▶ WORK REQUEST
What's needed is an exact copy of the lines from the one that contains "Eawfgtuw Modulador M60, convertidor" to the end of the data below, leaving the pictures out.

▶ DATA SHOWN
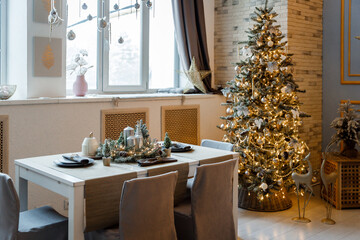 Modern design Christmas tree decorated with balls, toys and garlands. Christmas or New Year background. Winter holidays composition.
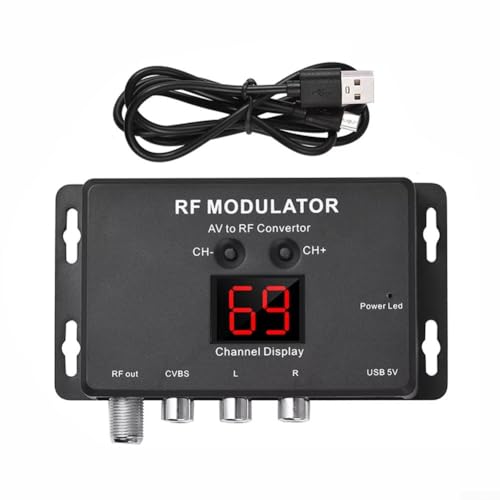 Eawfgtuw Modulador M60, convertidor AV a RF para TV con soporte PAL/NTSC, modulador RF alimentado por USB para decodificador y reproductores de DVD, UHF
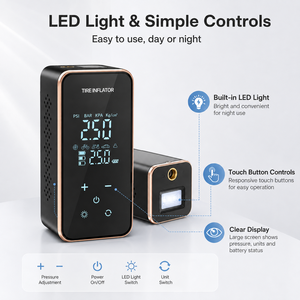 OEM ODM Portable Wireless Tire Inflator Multifunctional Car Air <b>Pump</b> With Tire Pressure Detect, Power Bank, LED Lighting & SOS - Product Image 6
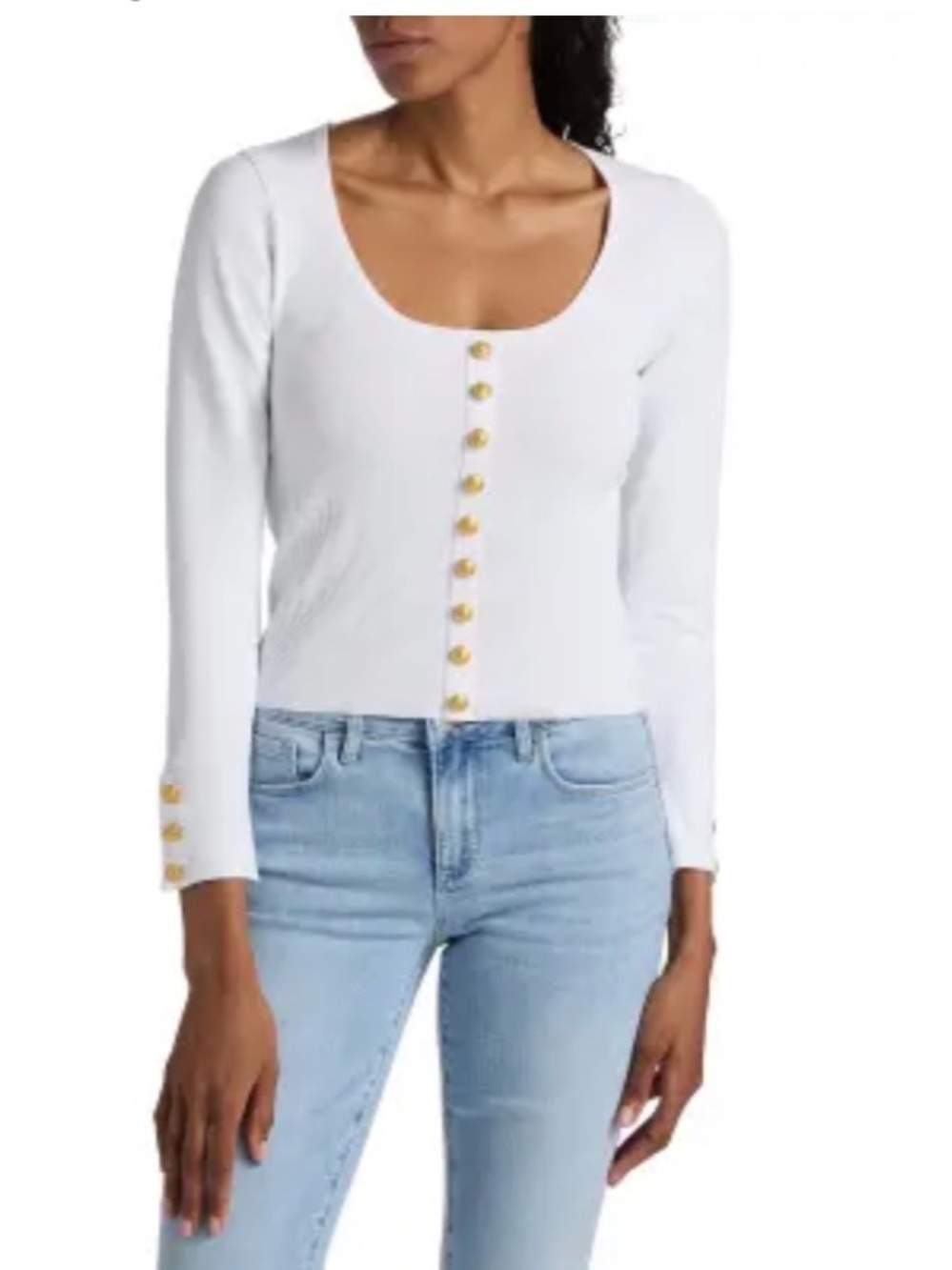 Lagence Lanetta Knit Button-Front Top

▶ SOLUTION TO THE PROBLEM
 Eawfgtuw Modulador M60, convertidor AV a RF para TV con soporte PAL/NTSC, modulador RF alimentado por USB para decodificador y reproductores de DVD, UHF
 OEM ODM Portable Wireless Tire Inflator Multifunctional Car Air <b>Pump</b> With Tire Pressure Detect, Power Bank, LED Lighting & SOS - Product Image 6
 Lagence Lanetta Knit Button-Front Top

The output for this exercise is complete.